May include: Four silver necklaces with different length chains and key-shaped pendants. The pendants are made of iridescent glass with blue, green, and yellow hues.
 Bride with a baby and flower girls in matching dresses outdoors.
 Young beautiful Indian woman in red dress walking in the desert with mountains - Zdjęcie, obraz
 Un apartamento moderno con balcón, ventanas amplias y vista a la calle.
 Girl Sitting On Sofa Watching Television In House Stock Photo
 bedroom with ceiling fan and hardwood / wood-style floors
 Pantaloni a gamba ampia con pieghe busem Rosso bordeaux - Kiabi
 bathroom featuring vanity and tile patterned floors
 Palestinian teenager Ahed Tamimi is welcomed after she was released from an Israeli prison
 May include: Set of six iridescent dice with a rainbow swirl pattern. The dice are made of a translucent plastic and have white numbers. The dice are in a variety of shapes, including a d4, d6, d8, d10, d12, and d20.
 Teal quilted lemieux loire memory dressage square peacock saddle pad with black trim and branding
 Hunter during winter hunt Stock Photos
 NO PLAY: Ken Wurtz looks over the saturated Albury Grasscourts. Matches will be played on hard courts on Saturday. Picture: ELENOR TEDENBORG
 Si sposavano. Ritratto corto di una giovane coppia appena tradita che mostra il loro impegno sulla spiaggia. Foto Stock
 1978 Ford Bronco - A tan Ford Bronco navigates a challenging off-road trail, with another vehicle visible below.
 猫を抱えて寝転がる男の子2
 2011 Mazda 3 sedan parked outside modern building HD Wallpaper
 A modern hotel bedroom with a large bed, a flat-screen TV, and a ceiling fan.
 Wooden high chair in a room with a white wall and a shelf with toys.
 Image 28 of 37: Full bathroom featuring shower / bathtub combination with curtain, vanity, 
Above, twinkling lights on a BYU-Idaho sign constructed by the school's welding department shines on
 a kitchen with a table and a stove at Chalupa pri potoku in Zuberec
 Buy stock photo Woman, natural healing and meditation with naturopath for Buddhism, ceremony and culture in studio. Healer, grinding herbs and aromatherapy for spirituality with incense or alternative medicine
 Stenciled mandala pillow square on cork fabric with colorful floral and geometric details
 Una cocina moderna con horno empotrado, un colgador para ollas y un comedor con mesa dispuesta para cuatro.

Your objective -> The answer must be the full listing, copied exactly.

Answer below ->
May include: Four silver necklaces with different length chains and key-shaped pendants. The pendants are made of iridescent glass with blue, green, and yellow hues.
 Bride with a baby and flower girls in matching dresses outdoors.
 Young beautiful Indian woman in red dress walking in the desert with mountains - Zdjęcie, obraz
 Un apartamento moderno con balcón, ventanas amplias y vista a la calle.
 Girl Sitting On Sofa Watching Television In House Stock Photo
 bedroom with ceiling fan and hardwood / wood-style floors
 Pantaloni a gamba ampia con pieghe busem Rosso bordeaux - Kiabi
 bathroom featuring vanity and tile patterned floors
 Palestinian teenager Ahed Tamimi is welcomed after she was released from an Israeli prison
 May include: Set of six iridescent dice with a rainbow swirl pattern. The dice are made of a translucent plastic and have white numbers. The dice are in a variety of shapes, including a d4, d6, d8, d10, d12, and d20.
 Teal quilted lemieux loire memory dressage square peacock saddle pad with black trim and branding
 Hunter during winter hunt Stock Photos
 NO PLAY: Ken Wurtz looks over the saturated Albury Grasscourts. Matches will be played on hard courts on Saturday. Picture: ELENOR TEDENBORG
 Si sposavano. Ritratto corto di una giovane coppia appena tradita che mostra il loro impegno sulla spiaggia. Foto Stock
 1978 Ford Bronco - A tan Ford Bronco navigates a challenging off-road trail, with another vehicle visible below.
 猫を抱えて寝転がる男の子2
 2011 Mazda 3 sedan parked outside modern building HD Wallpaper
 A modern hotel bedroom with a large bed, a flat-screen TV, and a ceiling fan.
 Wooden high chair in a room with a white wall and a shelf with toys.
 Image 28 of 37: Full bathroom featuring shower / bathtub combination with curtain, vanity, 
Above, twinkling lights on a BYU-Idaho sign constructed by the school's welding department shines on
 a kitchen with a table and a stove at Chalupa pri potoku in Zuberec
 Buy stock photo Woman, natural healing and meditation with naturopath for Buddhism, ceremony and culture in studio. Healer, grinding herbs and aromatherapy for spirituality with incense or alternative medicine
 Stenciled mandala pillow square on cork fabric with colorful floral and geometric details
 Una cocina moderna con horno empotrado, un colgador para ollas y un comedor con mesa dispuesta para cuatro.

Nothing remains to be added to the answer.